Das Landesarbeitsgericht hat die Berufung der Beklagten zurückgewiesen, was die hierarchische Unterstellung des Klägers anbelangt. Der Kläger hat im Ergebnis ein Anspruch darauf, an einen Gesellschafter zu berichten und diesem unmittelbar unterstellt zu sein. Was die Zahlung von Schmerzensgeld anbelangt, so war die Berufung der Beklagten erfolgreich. Das Landesarbeitsgericht hat entschieden, dass die Beklagte nicht verpflichtet ist, an den Kläger Schmerzensgeld zu zahlen. Zwar liegt in der nicht vertragsgemäßen und nicht vom Direktionsrecht gedeckten hierarchischen Unterstellung des Klägers innerhalb der letzten 2 Jahre ein Eingriff in das allgemeine Persönlichkeitsrecht des Klägers vor. Dieser ist jedoch nur dann rechtswidrig, wenn das Schutzinteresse des Betroffenen die schutzwürdigen Belange der anderen Seite überwiegt. Ein Anspruch auf Schmerzensgeld setzt zusätzlich voraus, dass es sich um einen schwerwiegenden Eingriff in das allgemeine Persönlichkeitsrecht handelt. Ob es sich tatsächlich um eine schwerwiegende Verletzung handelt, ist jeweils aufgrund der gesamten Umstände des Einzelfalls zu beurteilen. Hierbei ist insbesondere die Bedeutung und die Tragweite des Eingriffs sowie der Grad des Verschuldens zu berücksichtigen. Durch die Unterstellung an den hierarchisch tiefer angesiedelten Betriebsleiter beschäftigt die Beklagte den Kläger zwar nicht vertragsgemäß, was auch zu einem Ansehensverlust des Klägers im Betrieb und zu einer Form von Degradierung geführt hat.

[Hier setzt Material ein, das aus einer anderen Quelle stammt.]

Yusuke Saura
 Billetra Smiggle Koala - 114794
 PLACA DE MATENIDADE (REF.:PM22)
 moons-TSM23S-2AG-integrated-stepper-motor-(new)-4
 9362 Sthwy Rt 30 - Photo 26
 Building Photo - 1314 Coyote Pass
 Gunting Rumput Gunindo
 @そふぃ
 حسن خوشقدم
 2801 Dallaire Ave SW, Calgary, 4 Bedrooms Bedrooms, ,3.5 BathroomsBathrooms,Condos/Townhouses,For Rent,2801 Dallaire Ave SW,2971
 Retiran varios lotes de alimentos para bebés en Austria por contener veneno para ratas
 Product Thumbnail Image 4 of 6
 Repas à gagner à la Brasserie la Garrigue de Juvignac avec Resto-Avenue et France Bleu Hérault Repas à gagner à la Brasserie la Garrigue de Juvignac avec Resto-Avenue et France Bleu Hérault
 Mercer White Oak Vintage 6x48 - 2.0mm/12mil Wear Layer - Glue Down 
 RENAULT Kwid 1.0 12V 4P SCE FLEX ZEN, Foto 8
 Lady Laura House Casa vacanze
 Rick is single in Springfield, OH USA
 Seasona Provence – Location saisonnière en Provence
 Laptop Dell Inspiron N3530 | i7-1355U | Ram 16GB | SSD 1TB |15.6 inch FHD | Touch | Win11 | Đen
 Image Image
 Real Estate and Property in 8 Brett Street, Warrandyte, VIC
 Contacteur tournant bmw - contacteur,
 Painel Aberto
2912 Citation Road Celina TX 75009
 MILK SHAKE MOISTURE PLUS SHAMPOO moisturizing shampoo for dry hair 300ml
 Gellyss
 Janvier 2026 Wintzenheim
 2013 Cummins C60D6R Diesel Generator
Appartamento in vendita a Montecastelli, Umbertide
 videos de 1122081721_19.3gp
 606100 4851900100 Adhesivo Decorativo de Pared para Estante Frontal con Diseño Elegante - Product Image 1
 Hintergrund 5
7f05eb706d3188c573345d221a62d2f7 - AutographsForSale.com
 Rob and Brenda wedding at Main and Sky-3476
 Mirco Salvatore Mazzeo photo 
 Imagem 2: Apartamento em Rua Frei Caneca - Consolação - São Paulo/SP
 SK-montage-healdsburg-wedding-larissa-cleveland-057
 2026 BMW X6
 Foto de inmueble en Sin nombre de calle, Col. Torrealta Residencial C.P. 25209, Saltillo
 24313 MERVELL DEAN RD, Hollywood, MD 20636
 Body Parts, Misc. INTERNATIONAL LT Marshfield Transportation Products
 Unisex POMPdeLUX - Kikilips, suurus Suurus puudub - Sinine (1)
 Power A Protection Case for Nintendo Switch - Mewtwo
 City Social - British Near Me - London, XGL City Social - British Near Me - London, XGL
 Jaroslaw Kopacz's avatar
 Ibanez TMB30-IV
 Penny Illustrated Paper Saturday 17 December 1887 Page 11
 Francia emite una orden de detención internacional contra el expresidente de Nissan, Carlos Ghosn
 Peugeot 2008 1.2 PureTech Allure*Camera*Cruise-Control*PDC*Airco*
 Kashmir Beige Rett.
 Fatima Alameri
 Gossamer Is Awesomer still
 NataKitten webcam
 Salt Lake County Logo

Das Landesarbeitsgericht hat jedoch ebenfalls berücksichtigt, dass Anlass für die Degradierung des Klägers eine zwischen den Parteien bereits im Vorfeld langwierig geführte Auseinandersetzung gewesen ist. Vor diesem Hintergrund hatte die Beklagte auch sachliche Erwägungen für die nicht vertragsgemäße Beschäftigung des Klägers. Daher hat das Landesarbeitsgericht im Ergebnis einen Schmerzensgeldanspruch abgelehnt, da im Ergebnis kein schwerwiegender Eingriff in das allgemeine Persönlichkeitsrecht des Klägers vorlag.

 

Fazit:

Das Landesarbeitsgericht hat die bisherige Rechtsprechung der Arbeitsgerichte bestätigt. Grundsätzlich kommt ein Schmerzensgeldanspruch auch bei nicht vertragsgemäßer Beschäftigung in Betracht. Voraussetzung ist jedoch immer ein schwerwiegender Eingriff in das Persönlichkeitsrecht des Betroffenen. Ob ein solch schwerwiegender Eingriff vorliegt, entscheidet ein Gericht immer in jedem Einzelfall. Schmerzensgeld wird von den Gerichten bei vertragswidriger Beschäftigung regelmäßig nur dann zugesprochen, wenn die nicht vertragsgemäße Beschäftigung mit weitergehenden gesundheitlichen körperlichen oder psychischen Schäden verbunden ist.